Review

  • Warning: Spoilers
    I imagine Victorian literature slowly sinking into the mire of the increasingly distant past, pulled down by the weight of its under-skirts. Along comes television: at its best, it has a redemptive power, and with dramatisations like those the BBC produce so finely, Victorian literature gets a new stab at life. The religious themes, the moral overtones, may be increasingly ill at ease in a world no longer easily shocked, and acquainted with cohabitation, affairs and domestic violence. But those old, well-told stories have enduring power, and this is one's a hidden gem.

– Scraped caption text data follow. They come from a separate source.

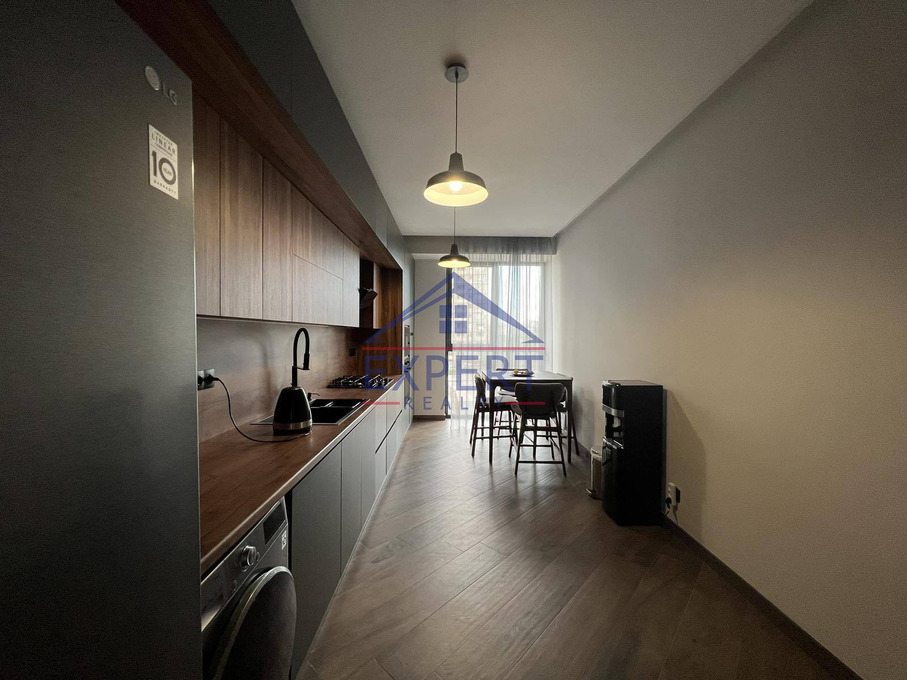 ԱՐԱԲԿԻՐ, ԱՐԱՄ ԽԱՉԱՏՐՅԱՆ ՓՈՂՈՑ, 3 ՍԵՆՅԱԿ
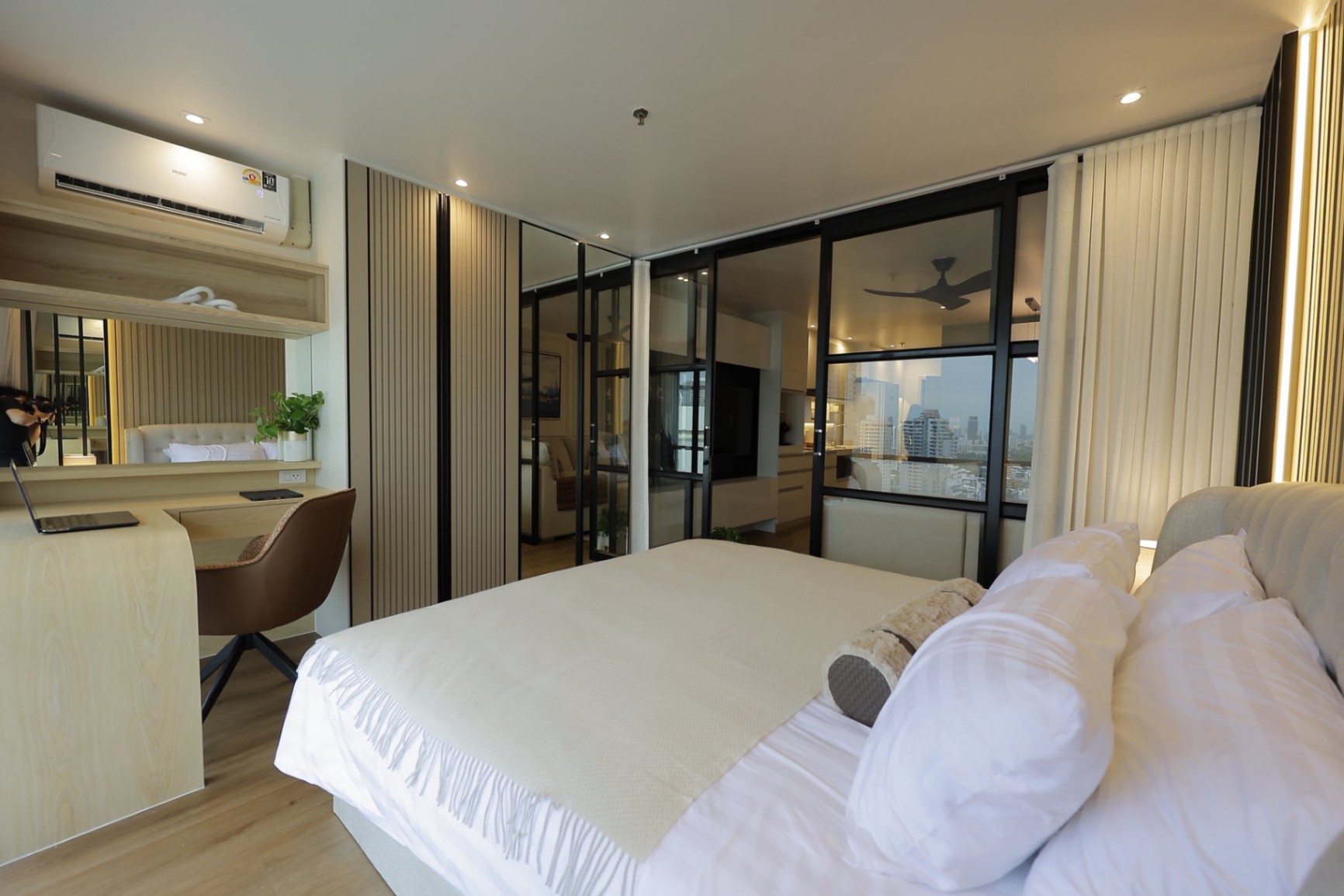 Sukhumvit Suites - Image 11
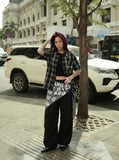 DAXUEN Short-sleeve plaid shirt with sequin embroidery — model photo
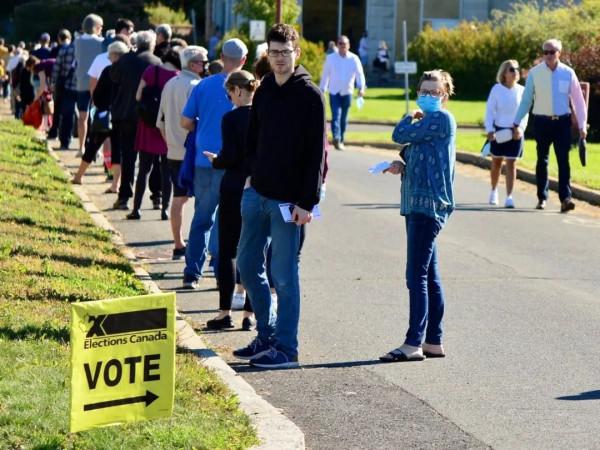 加拿大全民出動 大排長龍為投票 華人空前踴躍 特魯多1家5口被圍住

    It's hard to gauge today just how forceful, feminist and extraordinary Ann Bronte's masterpiece, "The Tenant of Wildfell Hall", actually was. Emerging from the primeval slime of restrictive corsets – bodily, mental, societal – her heroine, Helen Huntingdon, escapes a miserable marriage, flees brutality and alcoholism, braves not only her abusive husband's fury, but society's pinched intolerance and malicious gossip, to wreak change in her life. She pays a price; but retains her self-respect; she falls in love along the way; she emerges battered but victorious, and strong. I just love watching women like these on screen.

    The actors are superb – the best Brits have to offer. The love story is beautifully handled, with real passion and feeling by well-matched actors. Tara Fitzgerald inhabits every aspect of the complicated heroine, and as has been said here by other reviewers, no less sharply defined and beautiful a face could survive that petrifying hairstyle. Toby Stephens, striking sparks off her, contributes just the right combination of headstrong, handsome youth and passionate, yearning vulnerability. Rupert Graves (one of my favourite British actors ever) enjoys himself as the charismatic villain (so much so that you're almost with him at the end. No one's perfect). The supporting cast ably create a world into which you sink without feeling that coarse compromises have been made to modern tastes, and without having felt preached to. Another BBC classic, highly recommended: this is how romantic literature should be dramatised.